El Buñuel, como su nombre lo indica, en honor de Luis Buñuel, director surrealista por excelencia y de vanguardia, según dicen los conocedores, su perro andaluz aún es in inentendible.

Al no exhibir películas comerciales, el público asistente siempre era un reducido grupo de rebeldes, que sí podían pasar por cultos y conocedores, pero que aportaban poco billete a la taquilla, a los filmes que con el tiempo adquirieron gran fama por su tema o por lo controversial de su contenido. Recuerdo la serie de películas de Gustavo Alastriste: “En la cuerda del hambre”, “México rarara”, cine crudo y real de la situación de aquellos ochentas en México. Cine de denuncia, de la corrupción de los políticos y de la explotación del pueblo, situación que no ha cambiado sino nada más para empeorar.
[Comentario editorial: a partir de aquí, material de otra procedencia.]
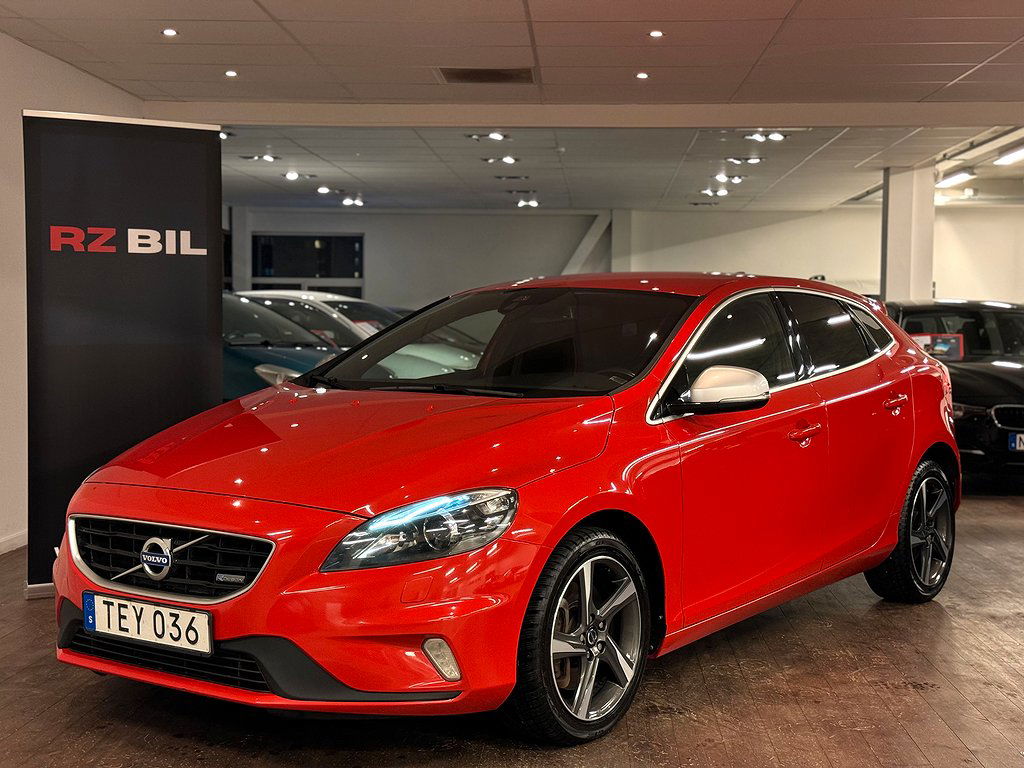 Volvo V40 2014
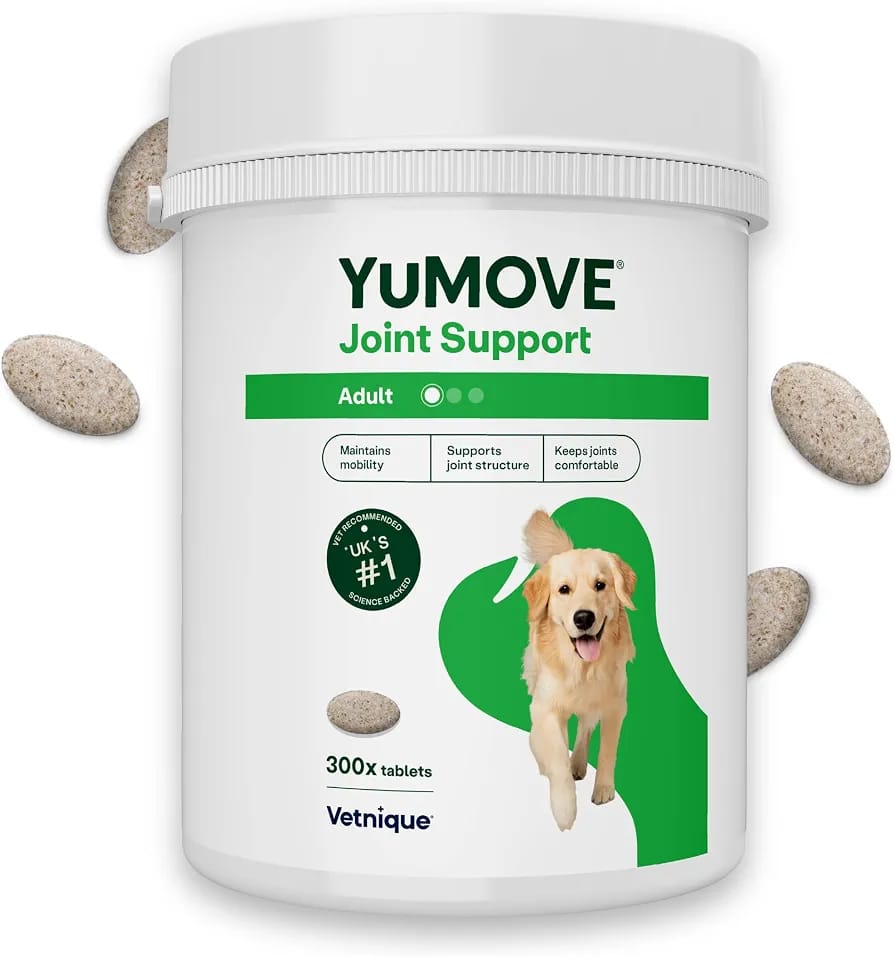 YuMOVE Adult Dog Joint Supplement 300 Tablets | Hip & Joint Support for Adult Dogs fragrance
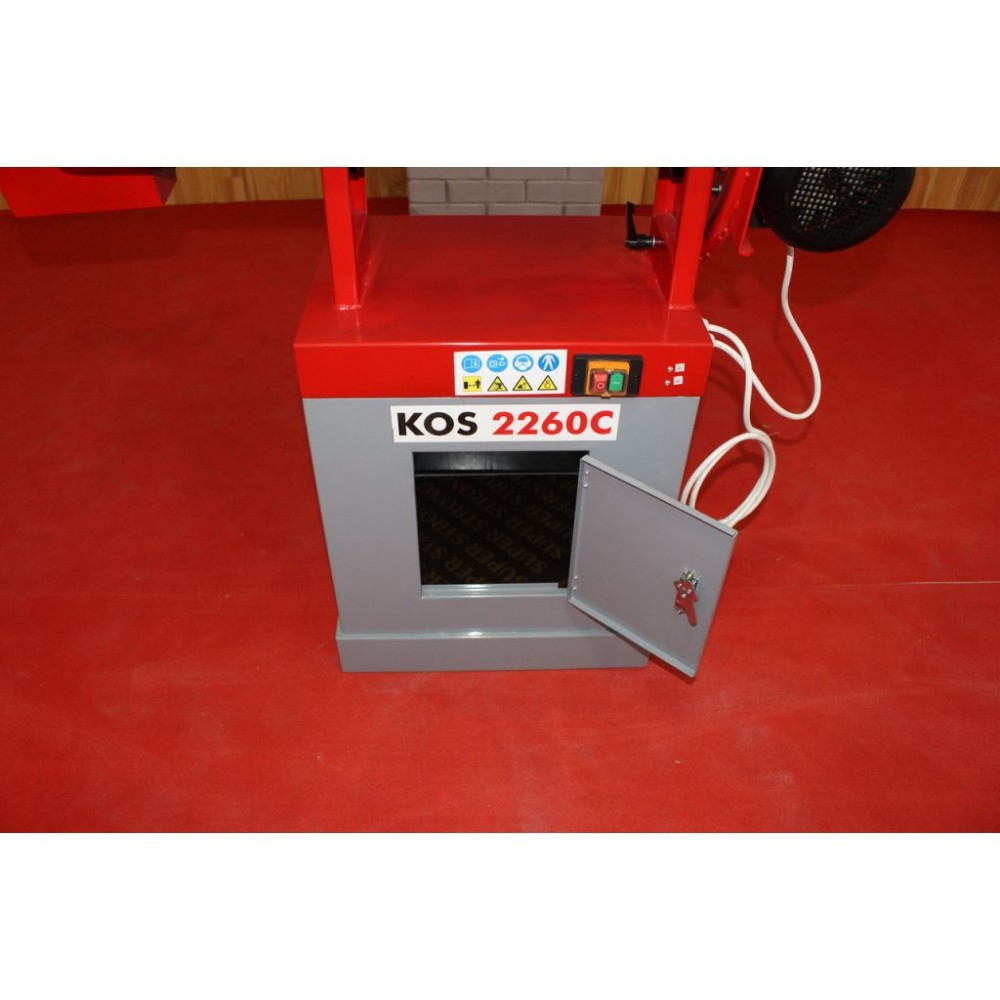 Кромкошліфувальний верстат Holzmann KOS 2260C - фото 3 Кромкошліфувальний верстат Holzmann KOS 2260C - фото 3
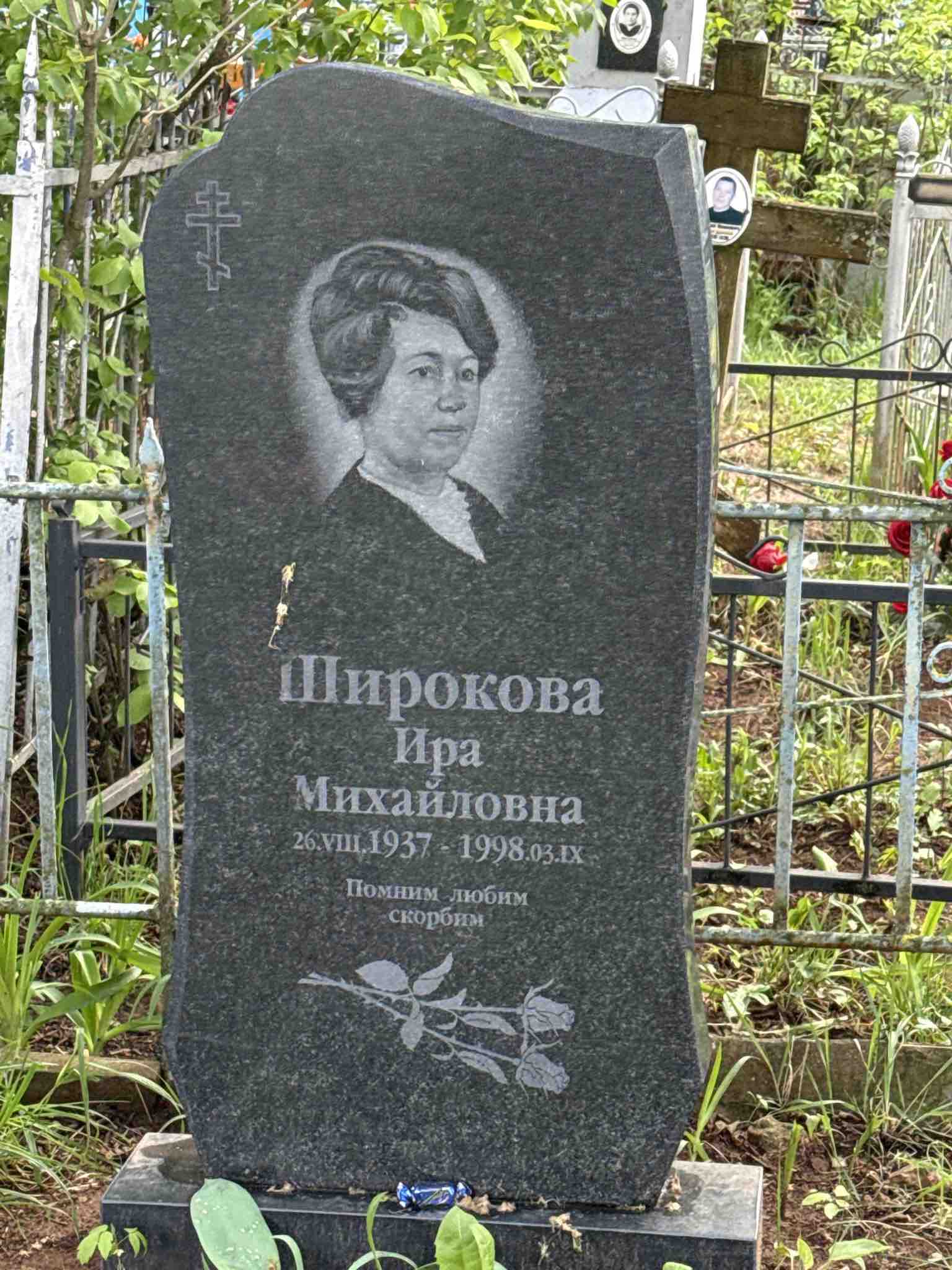Широкова Ира Михайловна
Héctor Suárez protagonizaba estás películas que fueron varias, antes que la censura del gobierno las sacara de circulación. Y cómo olvidar “Aquel famoso Remington” protagonizada por el mismo Gustavo Alatriste, sobre un famoso pistolero de los cincuenta, de Jalisco, el cual el gobierno le encargaba eliminar a sus políticos incómodos. 

El cine, situado en lo alto de la esquina de la avenida Veinte de Noviembre y la Cuauhtémoc, era el auditorio de la Unión Ganadera, acondicionado como cine, pequeño, íntimo y muy acogedor, ideal para este cine de arte, que a muchos nos abrió los ojos a otras realidades y a otras sensibilidades.

Faltan otros cines y otras historias, el cinema 2001, los gemelos del centro comercial Gigante, el cine Vizcaya, el cine Guadiana, la sala Dolores del Río, el cine Silvestre Revueltas, hoy Cineteca Municipal. Pero esas serán otras historias.